Inking Outside of the Lines: 'Hori Smoku Sailor Jerry'
THERE ARE A LOT of great quotes in "Hori Smoku Sailor Jerry," zero of which are fit for newsprint. That pretty much sums up the ethos of the great tattoo artists of the 20th century. Ribald, crude, devil-may-care, rules-shunning brawlers who meticulously honed their craft in private — often in secret — these men (always men) behaved like brutes but worked like artists, and were always entertaining.
Erich Weiss' short documentary focuses on one, Norman Collins, who adopted the moniker "Sailor Jerry" and plied his trade in the rough-and-tumble port of Honolulu during World War II. Collins, a rabid libertarian of the nationalist bent, put aside his hatred of the Japanese only to borrow elements of the exquisitely inked and colored Japanese tattoo tradition with the clean, bold-lined playfulness of American skin art.
Along the way, he influenced, feuded with and inspired a generation of greats, many of whom provide the charming tough-guy commentary: Don Ed Hardy, Mike Malone, Zeke Owen, Lyle Tuttle, Philadelphia Eddie Funk (who is, the ending credits note, "still crazy") and Bob Roberts.
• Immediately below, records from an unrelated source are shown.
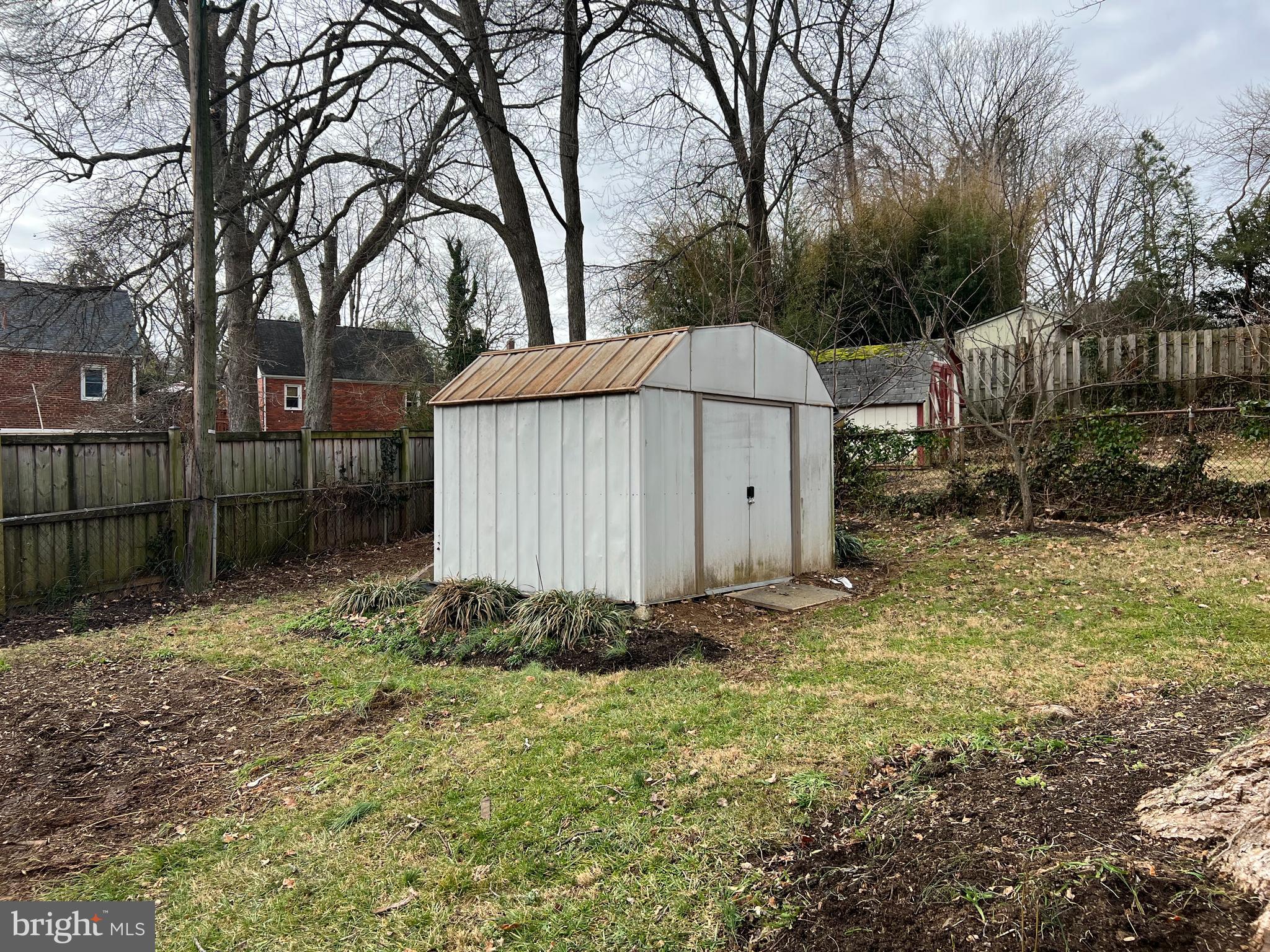 TYLER PARK - Residential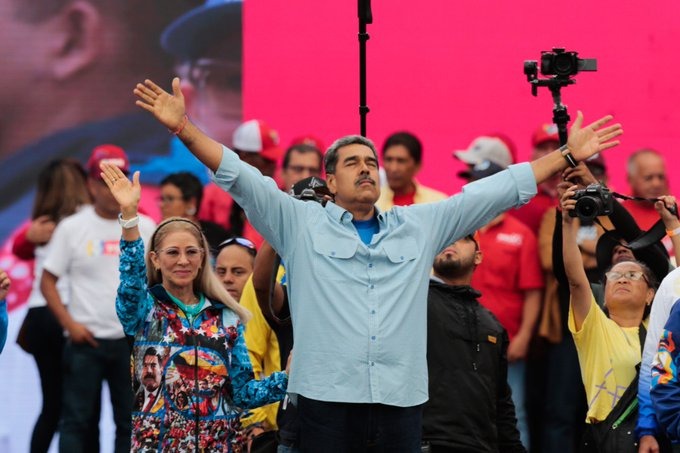 Acorralado y sin apoyo, Maduro pidió a los venezolanos que “piensen bien” su voto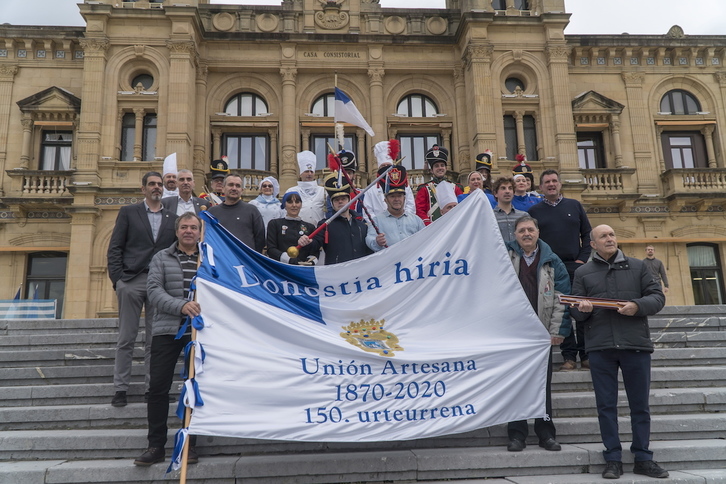 Union Artesanak jaso zuen iaz Hiriko Bandera. Aurten Donostia Ospitalarentzako izango da. (Andoni CANELLADA/FOKU)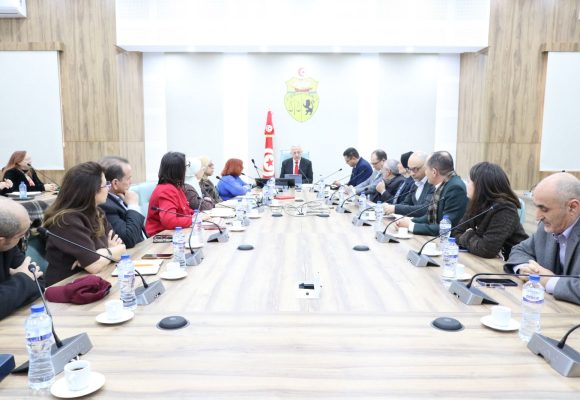 تنفيذ جملة من الإجراءات لتطوير الطبّ الإنجابي وتقريب خدمات PMA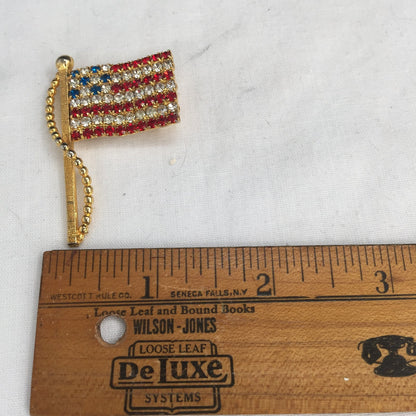 Vintage Golden Flag Pattern Red White Blue Rhinestones Brooch Costume Jewelry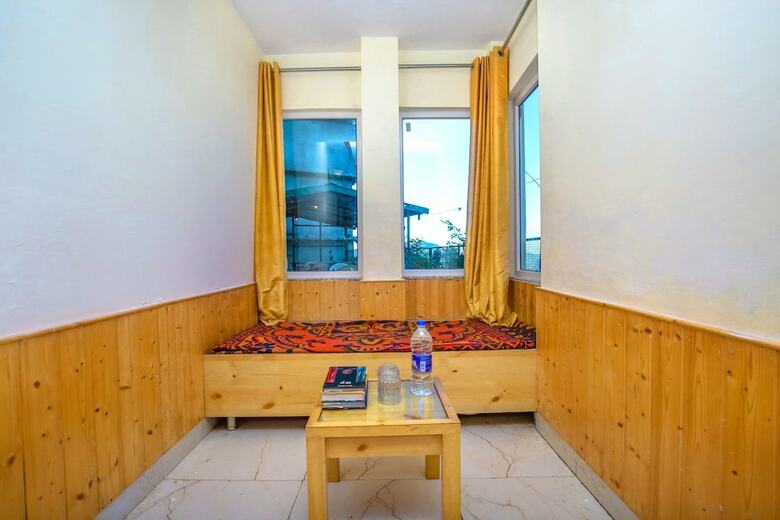 Oyo 12187 Home Luxury Studio Kasauli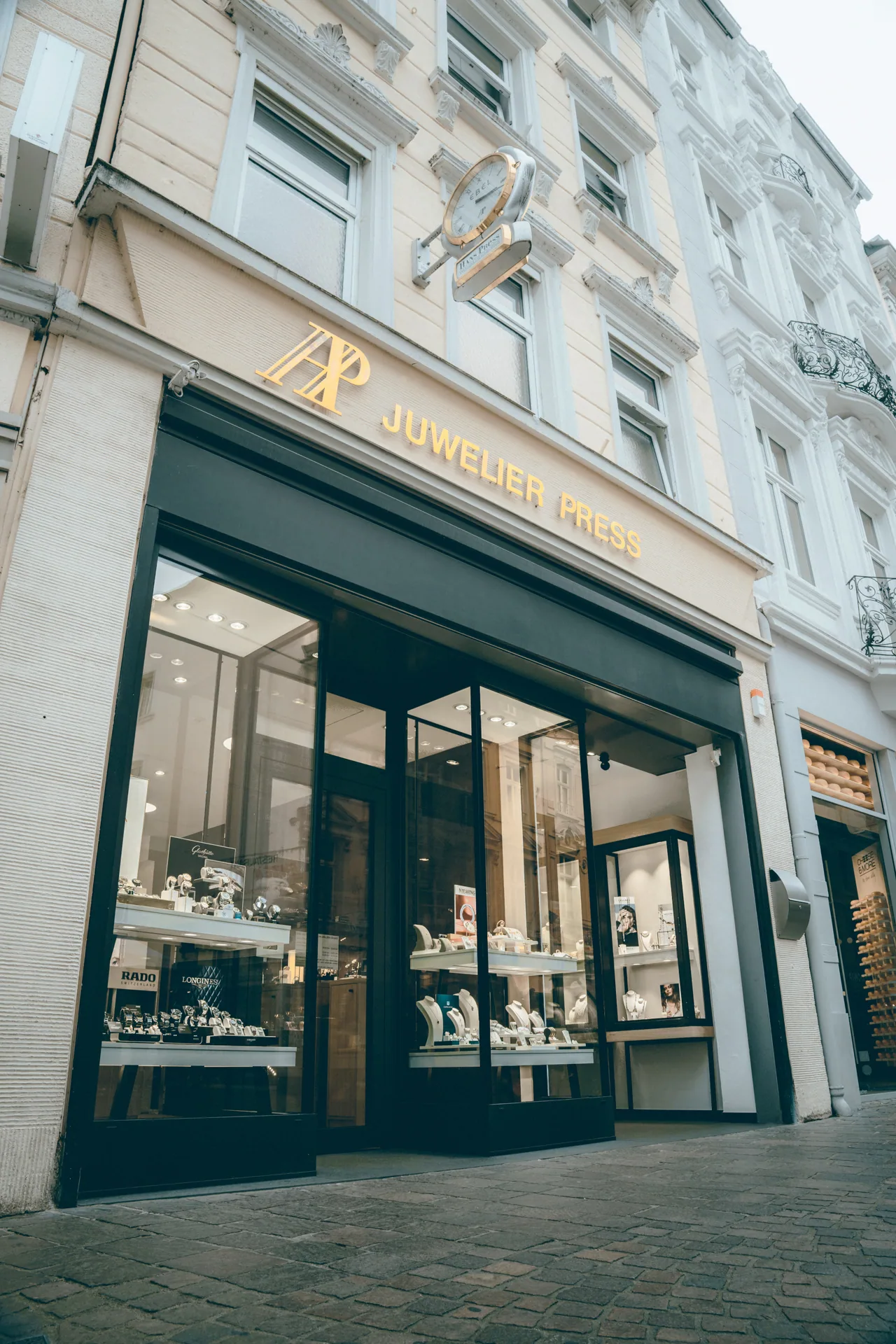 Schaufensterfront von Juwelier Press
Less a straight biography of Collins than a wistful travelogue through the development of 20th-century tattooing and the rough-and-tumble times and men that drove it, "Hori Smoku" — the name is a pidgin honorific — is rather niche but wildly entertaining. Nowhere else will the curious viewer find so vivid a window into a world in which death loomed daily over the helplessly young, while they grasped with both hands all the gallows humor, resignation, bravado and lust the likes of Sailor Jerry could provide.